Altin picture Altin · Sep 7, 2013 · Viewed 44.3k times · Source
<?php
// Report all PHP errors (see changelog)
error_reporting(E_ALL);

include('inc/simple_html_dom.php');

    //base url
    $base = 'https://play.google.com/store/apps';

    //home page HTML
    $html_base = file_get_html( $base );

    //get all category links
    foreach($html_base->find('a') as $element) {
        echo "<pre>";
        print_r( $element->href );
        echo "</pre>";
    }

    $html_base->clear(); 
    unset($html_base);

?>

I have the above code and I'm trying to get certain elements of the Play Store page but it isn't returning anything. Is it possible that certain PHP functions might be disabled on the server to stop that?

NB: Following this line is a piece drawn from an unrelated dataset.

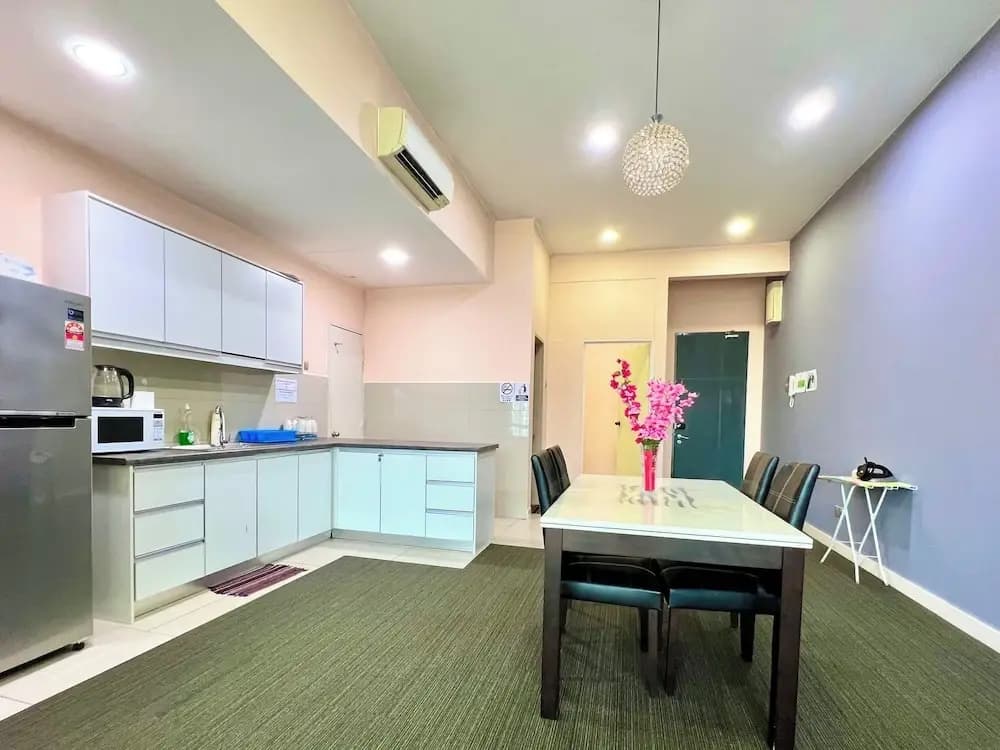 Capital O 90987 The Loft Residences Homestay @ Imago Shopping Mall 2 - photo 18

The above code works perfectly on other sites.

Is there any workaround?

Answer

Enissay picture Enissay · Sep 7, 2013

As I said, your example is working fine for me... But try this way using curl instead:

//base url
$base = 'https://play.google.com/store/apps';

$curl = curl_init();
curl_setopt($curl, CURLOPT_SSL_VERIFYPEER, FALSE);
curl_setopt($curl, CURLOPT_HEADER, false);
curl_setopt($curl, CURLOPT_FOLLOWLOCATION, true);
curl_setopt($curl, CURLOPT_URL, $base);
curl_setopt($curl, CURLOPT_REFERER, $base);
curl_setopt($curl, CURLOPT_RETURNTRANSFER, TRUE);
$str = curl_exec($curl);
curl_close($curl);

// Create a DOM object
$html_base = new simple_html_dom();
// Load HTML from a string
$html_base->load($str);

//get all category links
foreach($html_base->find('a') as $element) {
    echo "<pre>";
    print_r( $element->href );
    echo "</pre>";
}

$html_base->clear(); 
unset($html_base);

It gets all the links as expected:

enter image description here

And make sure you have php_openssl and php_curl installed...